Information Block Start
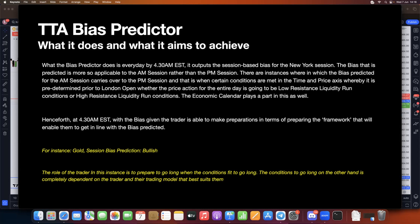The bias predictor predicts the bias for the New York session based on certain time and price conditions, allowing the trader to know beforehand how to prepare. At 4:30 AM EST with the bias given, the trader can prepare their framework — whether it's going to go from an order block or fair value gap. For example, if gold's session bias is bullish, the trader's role is to prepare to go long when conditions fit. The conditions to go long are completely dependent on the trader's own model, but the prediction is universal.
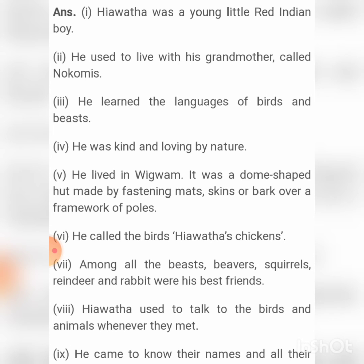He was kind and loving by nature. He lived in a big wigwam — it was a dome-shaped hut made by fastening mesh skin or bark over a framework of poles. He called the birds his chickens. Among all the birds, squirrels, reindeer, and rabbits were his best friends. Hiawatha used to talk to the birds and animals whenever they met. He came to know their names and all their secrets, and he called bees his brothers.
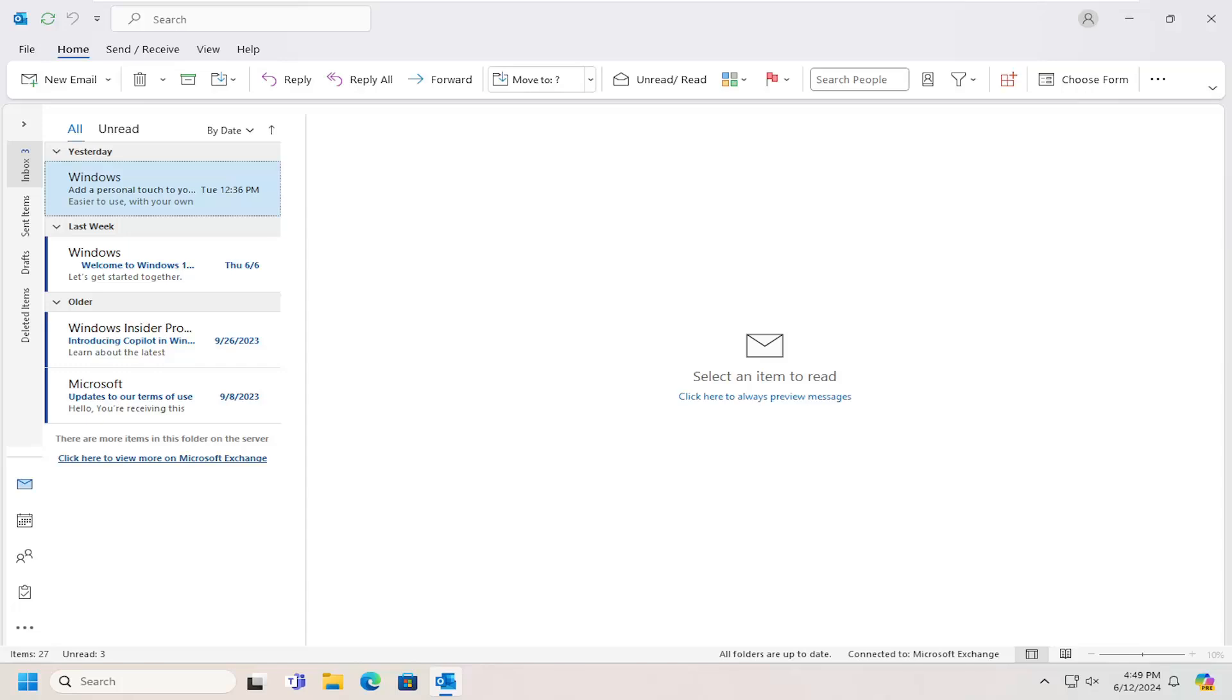In today's tutorial, I'm going to show you how to restore your ribbon bar to default settings, as well as if it's missing from your Outlook menu. Without further ado, let's jump right into it.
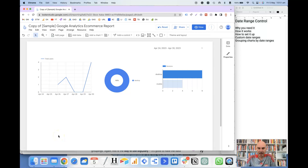Hi, this is Scott Dudley and in this video we are going to take a look at date range controls in Looker Studio. We are basically going to look at why you need it, how it works, how to set it up, then we will look at custom date ranges and also grouping charts by date ranges.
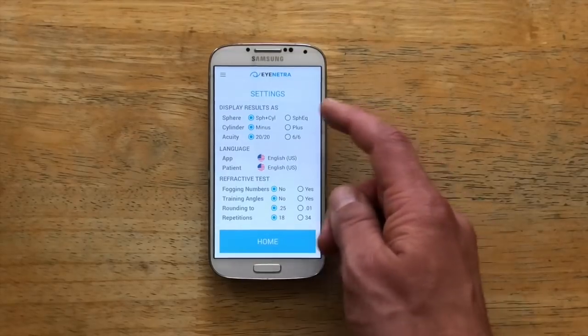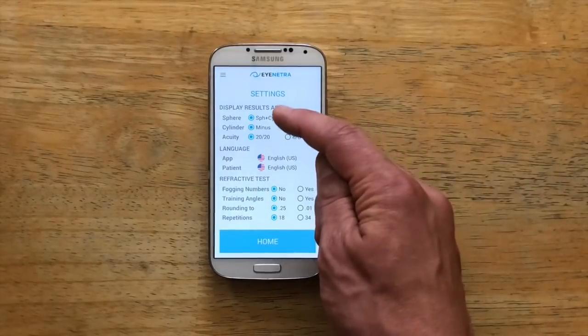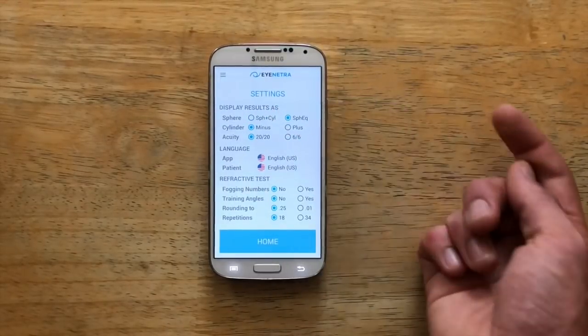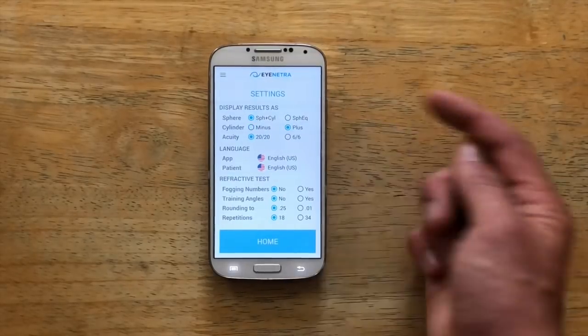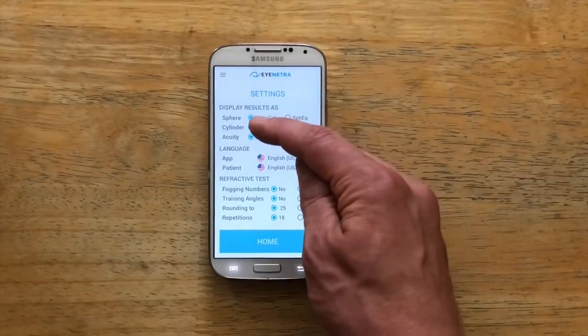At the top we can make some adjustments to how our results are displayed. You can choose the standard sphero-cylindrical notation or a simpler output with just the spherical equivalent — great if you're offering a smaller selection of glasses powers without an astigmatic correction. You can also choose between plus cylinder and minus cylinder notations. In the US, ophthalmologists tend to use plus cylinder while optometrists tend to prefer minus.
Information Block End
» **What is expected**
Where a record holds a picture, skip the picture and copy everything else exactly.

» **Output of the task**
The bias predictor predicts the bias for the New York session based on certain time and price conditions, allowing the trader to know beforehand how to prepare. At 4:30 AM EST with the bias given, the trader can prepare their framework — whether it's going to go from an order block or fair value gap. For example, if gold's session bias is bullish, the trader's role is to prepare to go long when conditions fit. The conditions to go long are completely dependent on the trader's own model, but the prediction is universal.
He was kind and loving by nature. He lived in a big wigwam — it was a dome-shaped hut made by fastening mesh skin or bark over a framework of poles. He called the birds his chickens. Among all the birds, squirrels, reindeer, and rabbits were his best friends. Hiawatha used to talk to the birds and animals whenever they met. He came to know their names and all their secrets, and he called bees his brothers.
In today's tutorial, I'm going to show you how to restore your ribbon bar to default settings, as well as if it's missing from your Outlook menu. Without further ado, let's jump right into it.
Hi, this is Scott Dudley and in this video we are going to take a look at date range controls in Looker Studio. We are basically going to look at why you need it, how it works, how to set it up, then we will look at custom date ranges and also grouping charts by date ranges.
At the top we can make some adjustments to how our results are displayed. You can choose the standard sphero-cylindrical notation or a simpler output with just the spherical equivalent — great if you're offering a smaller selection of glasses powers without an astigmatic correction. You can also choose between plus cylinder and minus cylinder notations. In the US, ophthalmologists tend to use plus cylinder while optometrists tend to prefer minus.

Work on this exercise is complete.